The collect for today, The Feast of Saint Mark the Evangelist, from The Book of Common Prayer [1](Canadian, 1962):

O ALMIGHTY God, who hast instructed thy holy Church with the heavenly doctrine of thy Evangelist Saint Mark: Give us grace, that, being not like children carried away with every blast of vain doctrine, we may be established in the truth of thy holy Gospel; through Jesus Christ our Lord. Amen.

The Epistle: Ephesians 4:11-16 [2]
The Gospel: St. Mark 13:1-10 [3]

Palma il Giovane, Saint Mark [4]The author of the second gospel, Saint Mark is generally identified with John Mark, the son of Mary, whose house in Jerusalem was a meeting place for the disciples (Acts 12:12,25). John Mark accompanied his cousin Barnabas and Paul on their missionary journey to Cyprus, but Mark’s early departure to Jerusalem caused a rift between Paul and Barnabas, following which Barnabas took Mark on the next mission to Cyprus while Paul and Silas traveled through Syria and Cilicia (Acts 15:37-41).

Paul later changed his mind about Mark, who helped him during his imprisonment in Rome (Col. 4:10). Just before his martyrdom, Paul urged Timothy: “Get Mark and bring him with you, for he is very useful to me for ministry” (2 Tim. 4:11).

Also, Peter affectionately calls Mark “my son” and says that Mark is with him at “Babylon”—almost certainly Rome—as he writes his first epistle (1 Pet. 5:13). This accords with church tradition that Mark’s Gospel represents the teaching of Peter.

Mark may be the only evangelist to insert a personal vignette into his gospel. Many scholars believe that he is the young man who followed Jesus after the arrest in Gethsemane, but fled without his garment when pursued (Mark 14:51-52).

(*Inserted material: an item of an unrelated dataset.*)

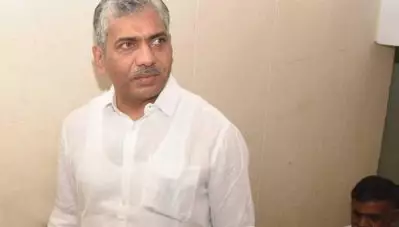 കള്ള രാഷ്ട്രീയക്കാരുടെ അഴിമതിക്ക് കുട്ടുനില്‍ക്കാനാവാതെ ഞാന്‍ ഒറ്റപ്പെട്ടു, എതിരുനിന്നപ്പോള്‍ ദ്രോഹിച്ചു: ജേക്കബ്ബ് തോമസ്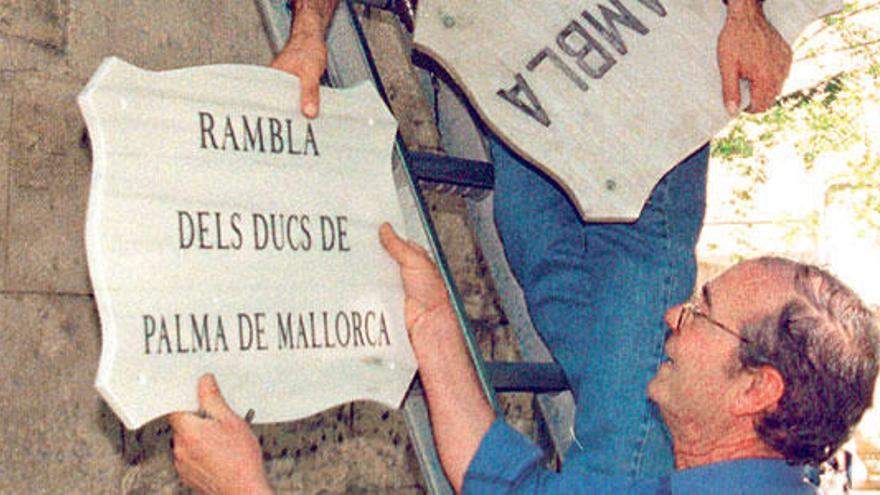 Celebran que Cort elimine el nombre de los duques de Palma a la Rambla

Early church historian Eusebius says that Mark left Rome after the martyrdoms of Peter and Paul and spread the Christian faith in Egypt, where he became the first bishop of Alexandria. His shrine became a place of pilgrimage and a church built in his honour at the site. Some ancient documents say he was martyred, but that claim is considered doubtful. The traditional date of his death is 25 April 68.

After North Africa was conquered by the armies of Islam, rumours arose that St. Mark’s resting place would be profaned, plundered, or even converted to a mosque. Thus, in 828, two Venetian merchants stole the saint’s remains and brought them to Venice, where they were received with great pomp and ceremony. The first St. Mark’s Basilica was built to house the relics. (The first basilica burned down in 976 and was re-built by 1071.)

Artwork: Palma il Giovane, Saint Mark, before 1628. Oil on canvas, Hatton Gallery [5], Newcastle-upon-Tyne, England.